Em Conquista, até o momento, o espaço destinado às ciclovias não foi planejado para atender a maioria dos usuários de bicicletas que são trabalhadores e moram em locais distantes do Centro, mas para aqueles que usam as vias para o lazer, como aquelas construídas na Olívia Flores, do bairro Candeias.. “As ciclovias não parecem ter sido projetadas para trabalhadores, mas, exclusivamente, para o lazer e esportes. Fica claro quando você percebe que as áreas nobres da cidade possuem uma malha de mobilidade urbana maior e melhor estruturada”, lamenta Robertino.

 Expansão das ciclovias 

Em Conquista, as ciclovias chegaram após a municipalização do trânsito em 2003, com a conclusão da obra na Avenida Juracy Magalhães. Os 27 km já existentes englobam as seguintes as avenidas Juracy Magalhães, Brumado, Paraná, Genésio Porto, Gilenilda Alves, Luiz Eduardo Magalhães, Lagoa das Bateias, e as ruas Olívia Flores; Sinfredo José Pedral Sampaio (10 de novembro), Valdemar Sá Porto, 13 de Maio, Rua dos Campinhos, José Pequeno, Santiago. Na atual administração da Prefeitura está em andamento a construção de mais 11 km de ciclovias.

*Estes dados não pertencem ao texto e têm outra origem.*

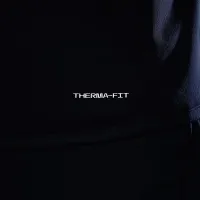 Nike Sphere Element чоловічі Therma-FIT Water-Repellent 1/2-Zip Running Top блакитний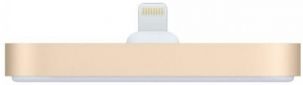 Док-станція для Apple iPhone Lightning Dock Gold - фото 2 - інтернет-магазин електроніки та побутової техніки TTT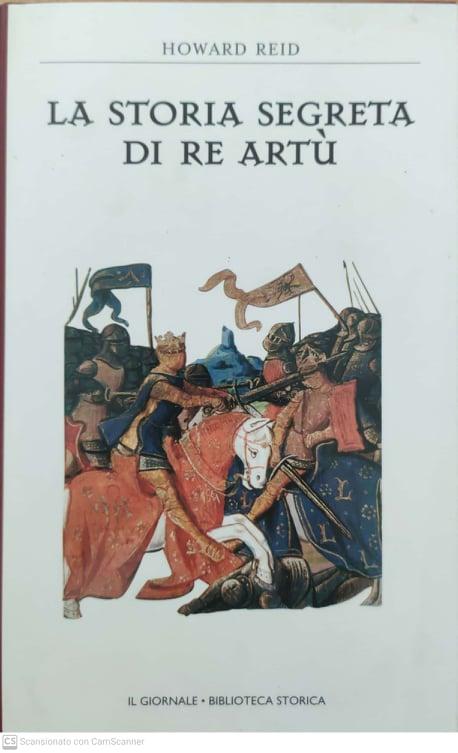 La storia segreta di Re Artù - copertina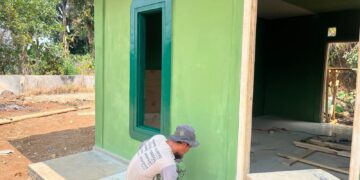 Kini Lebih Nyaman, Rumah Bapak Gilang Rampung Direnovasi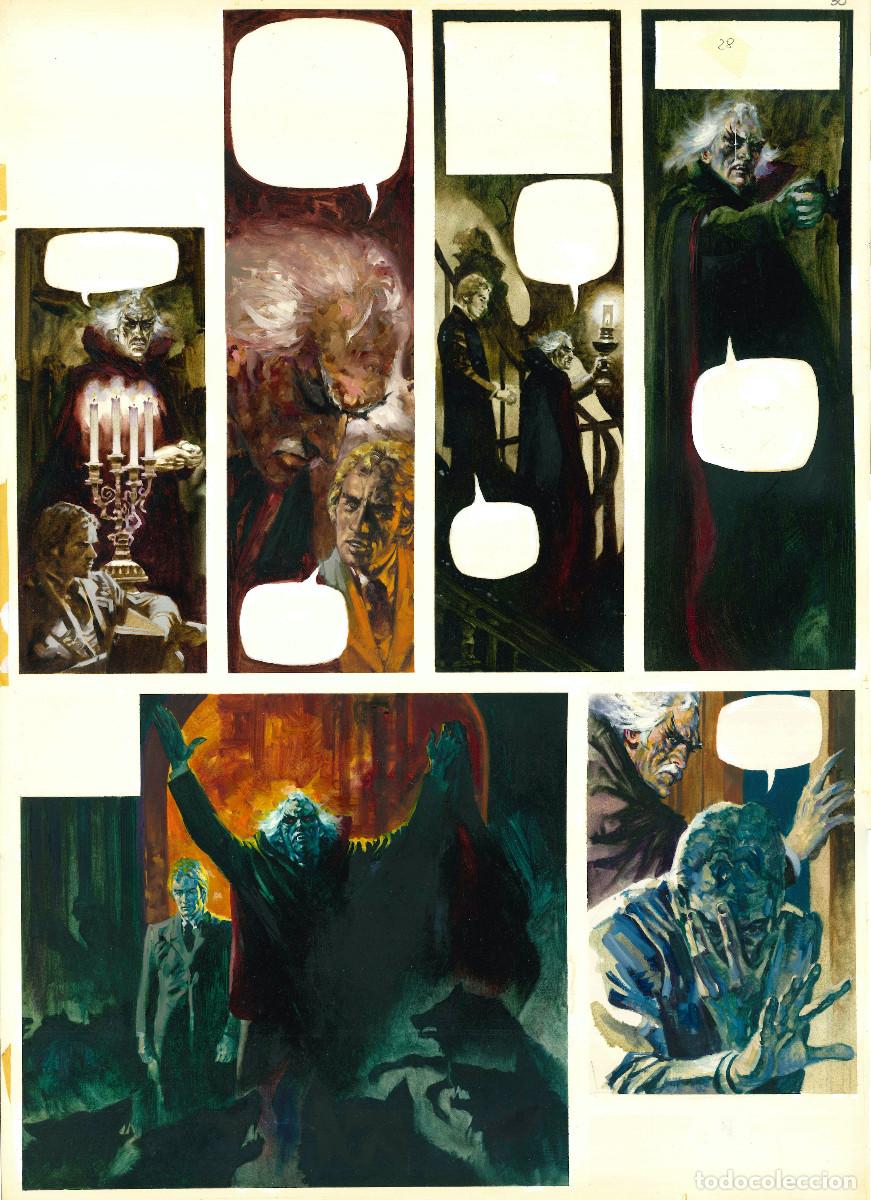 C&oacute;mics: Fern&aacute;ndo Fern&aacute;ndez: &rdquo;Dr&aacute;cula&rdquo;, p&aacute;gina original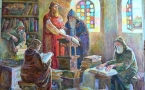 «Первые библиотеки на Руси»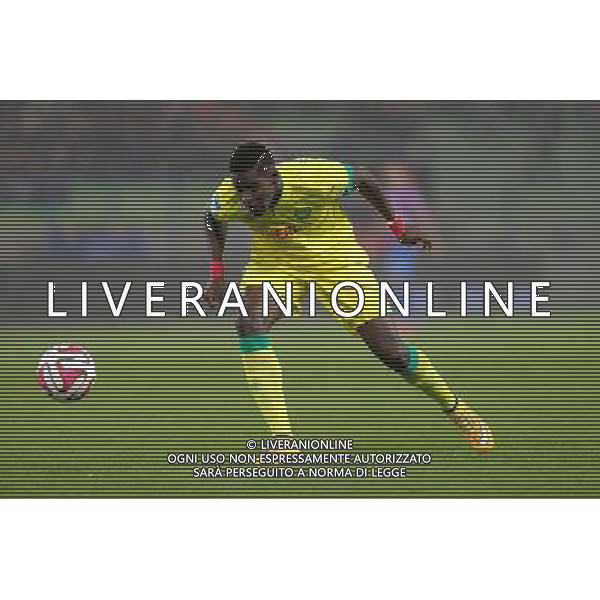 Papi DJILOBODJI - 08.11.2014 - Caen / Nantes - 13eme journee de Ligue 1 Photo : Vincent Michel / Icon Sport /AGENZIA ALDO LIVERANI SAS - ITALY ONLY - EDITORIAL USE ONLY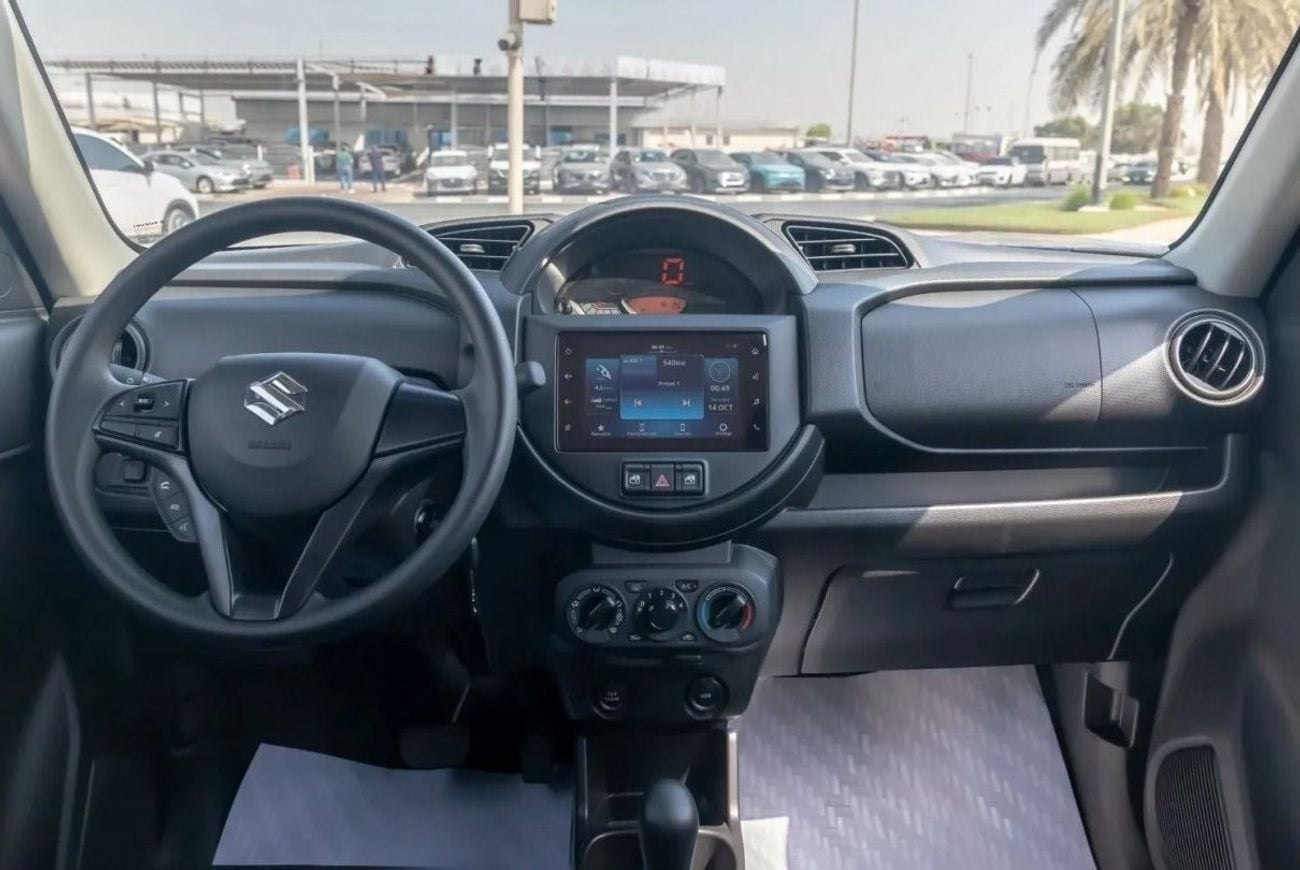Suzuki S Presso AT Suzuki S-Presso AT 1.0L – Silver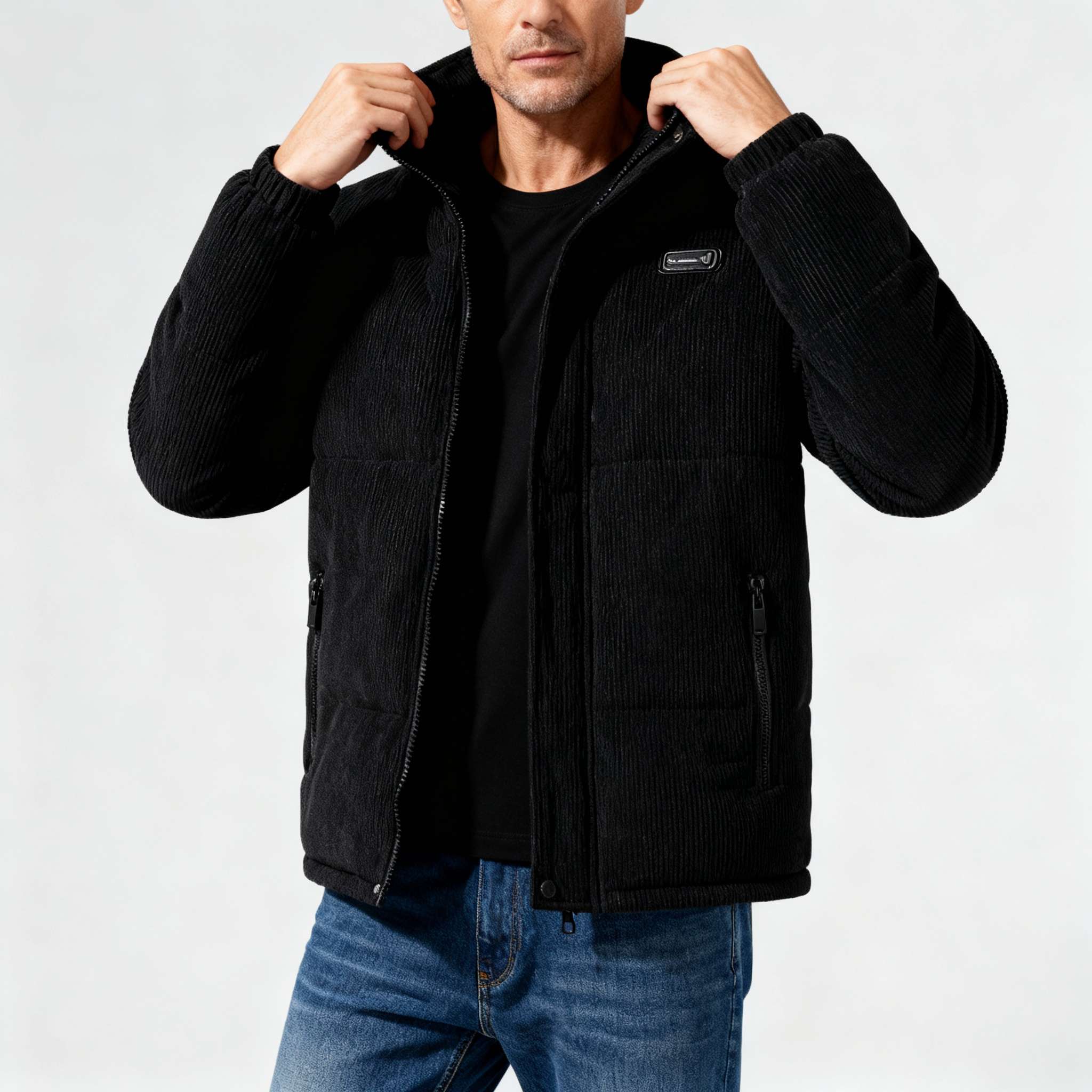 Brookstone Corduroy Jacket - Image 10
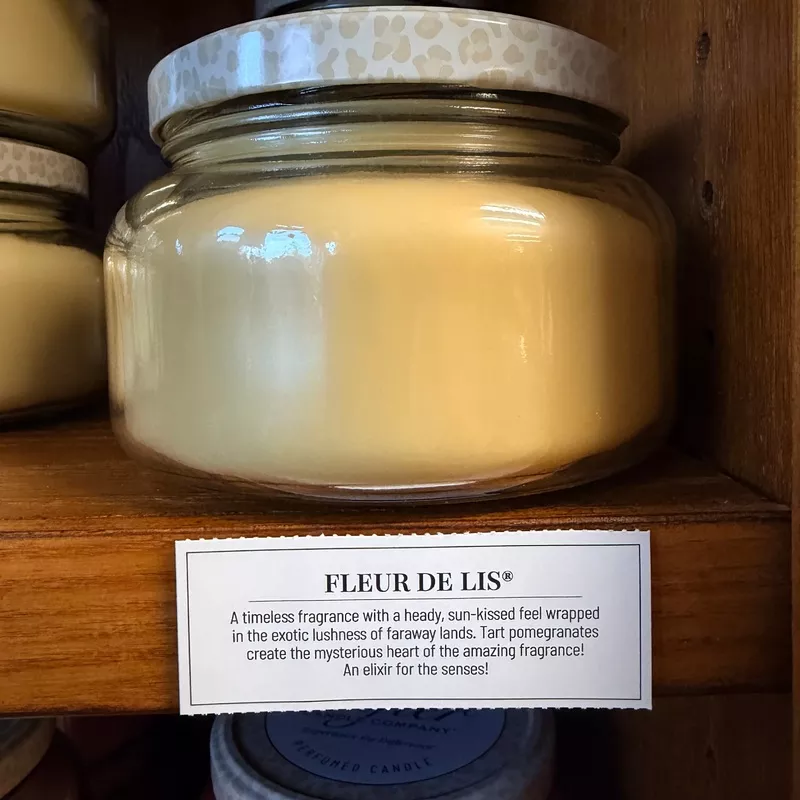 fleur-de-lis-candle-tyler-candle-co Fleur De Lis Candle | Tyler Candle Co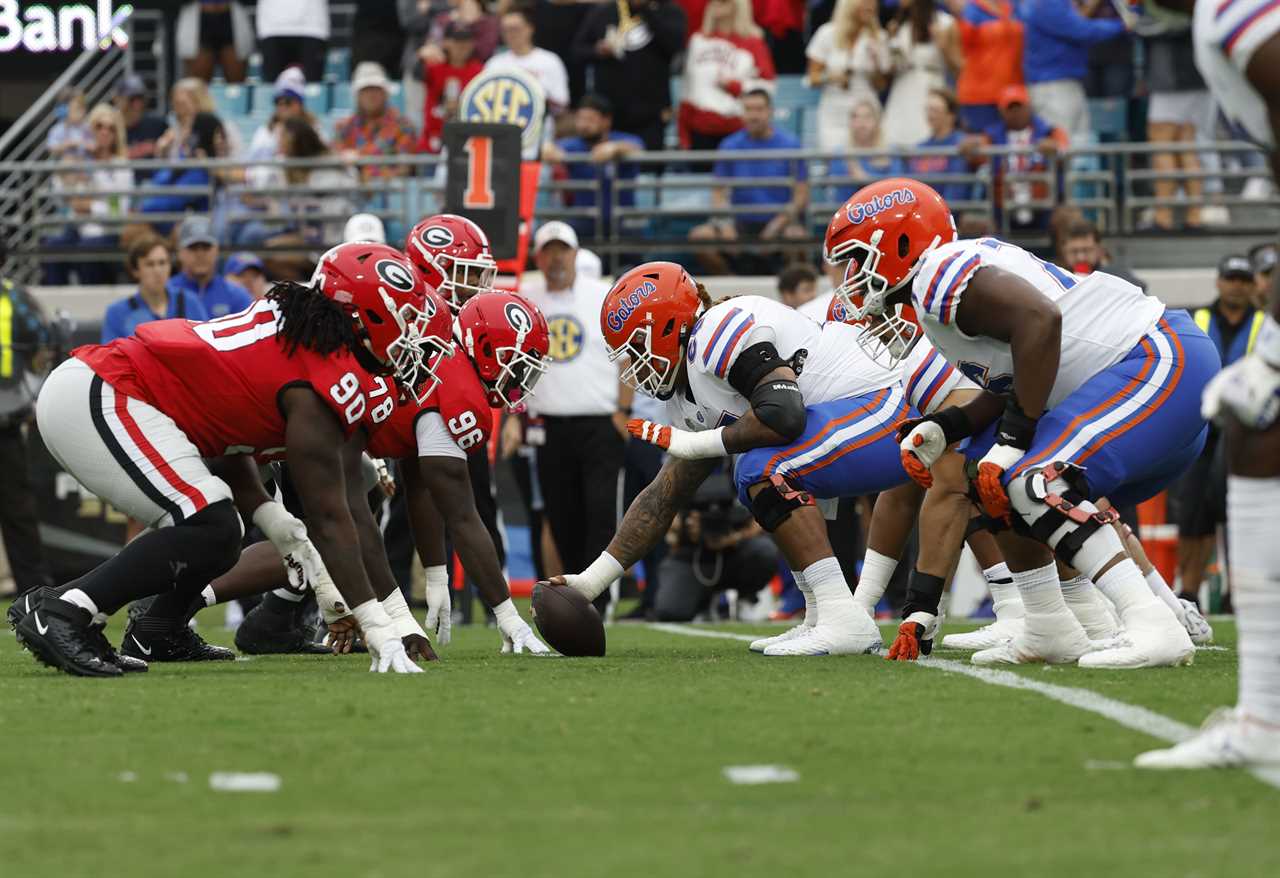 Top photos from Kingsley Eguakun's career with Florida football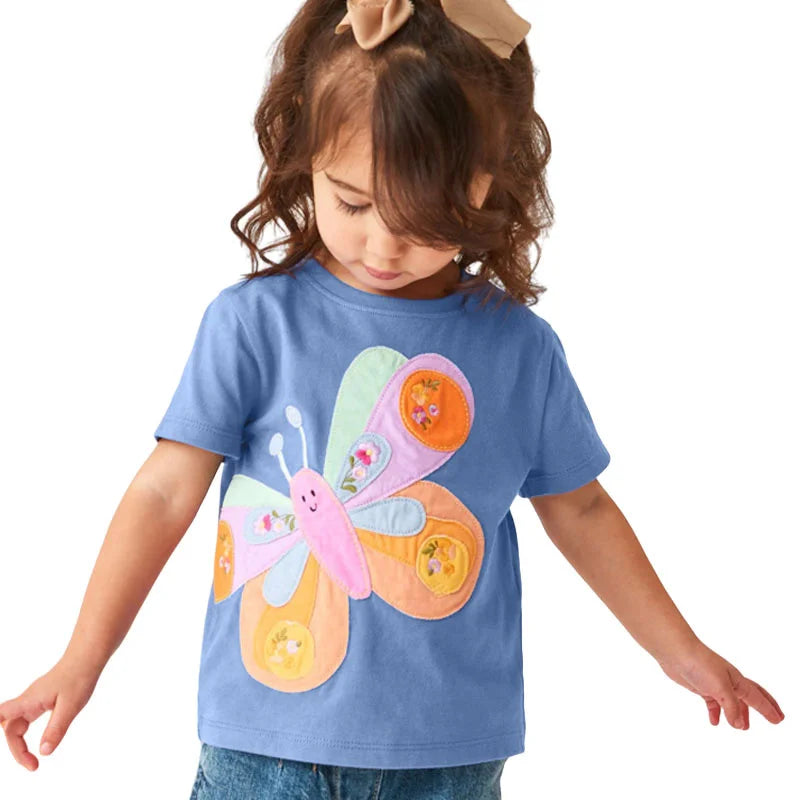 Paula T Shirts Summer Children's Clothing Sleeve Kids Tees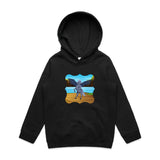 Beach Pegasus AS Colour - Youth Supply Hood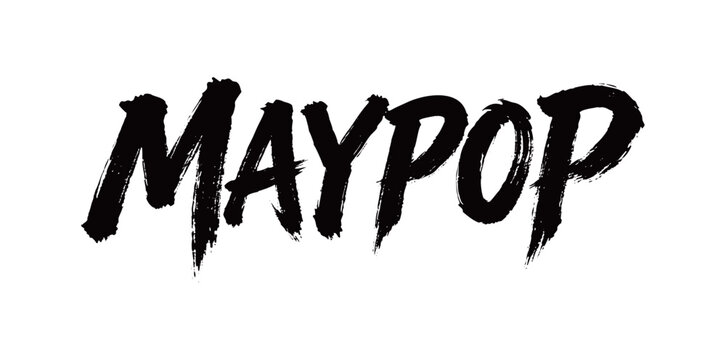 MAYPOP Handwriting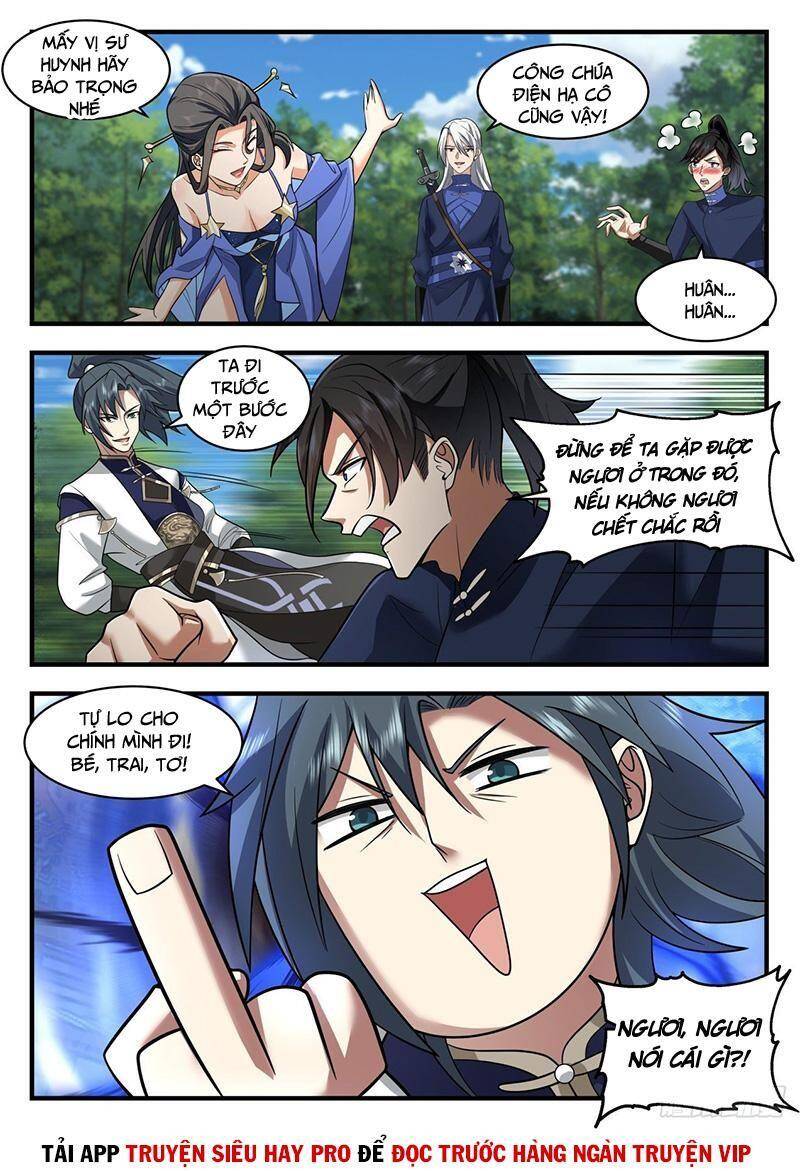 Võ Luyện Đỉnh Phong - Chương 1991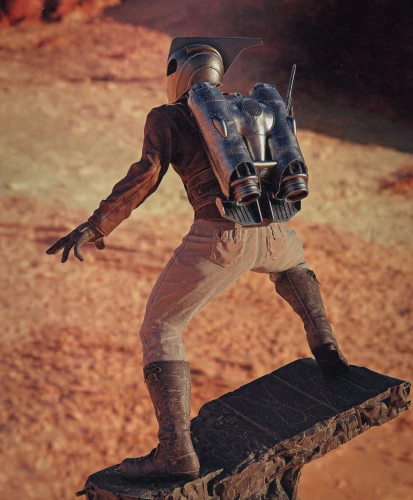 Фигурка Rocketeer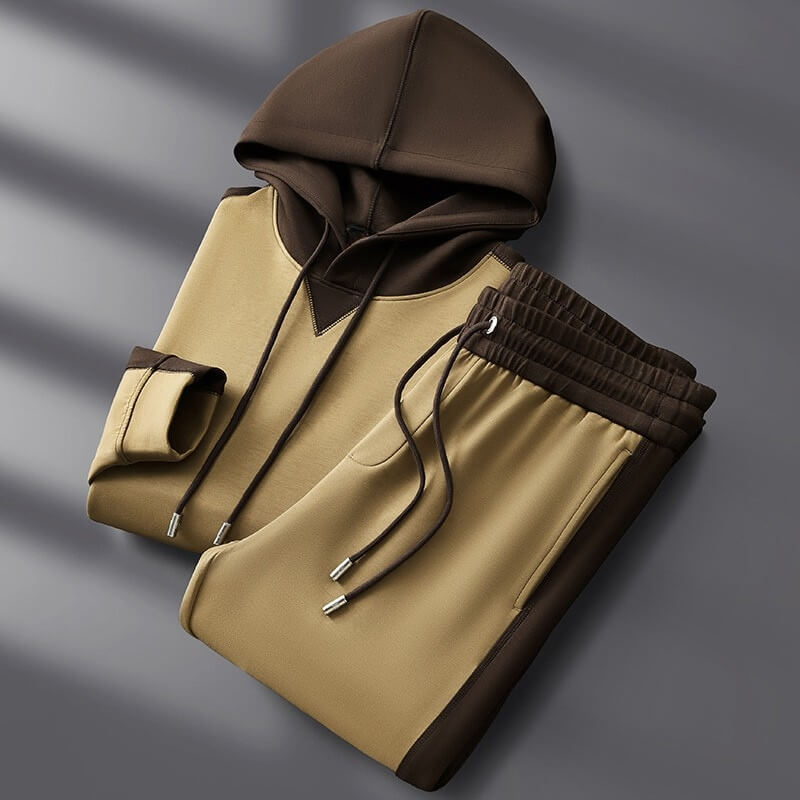 Everett Two-Color Clothing Set with Modern and Unique Style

De acordo com a secretária de Mobilidade Urbana de Vitória da Conquista, Tônia Rocha, como parte dos novos projetos da administração municipal, está em construção, entre as Avenidas. José Pedral e Juracy Magalhães, um novo trecho de ciclovias que irá passar pelo bairro Morada dos Pássaros e Comveima, com um percurso de 11km. A   revitalização das ciclovias e ciclofaixas está prevista para começar em outubro.

Sobre a falta de integração do sistema cicloviário, Tônia disse que existem projetos para a expansão e integração das vias a partir de 2022. “O plano de expandir tem sim, porque na cidade a bicicleta é muito utilizada, tanto para esporte como para trabalho, mas não tem um projeto para este ano ainda.” 

Quanto à conscientização de motoristas e ciclistas sobre a segurança no trânsito, a Secretaria de Mobilidade juntamente com a Gerência de Educação de Trânsito,  tem organizado palestras, ações explicativas e práticas para demonstrar os perigos ao trafegar no perímetro urbano. As fiscalizações das ciclovias e ciclofaixas têm sido realizadas por agentes ciclistas do Simtrans. Segundo a secretária, essas medidas foram tomadas “para prevenir essa questão de veículo avançando nas ciclovias e ciclofaixas e dar uma proteção maior ao ciclista. Os agentes também orientam os pedestres que utilizam a ciclovia para caminhar”.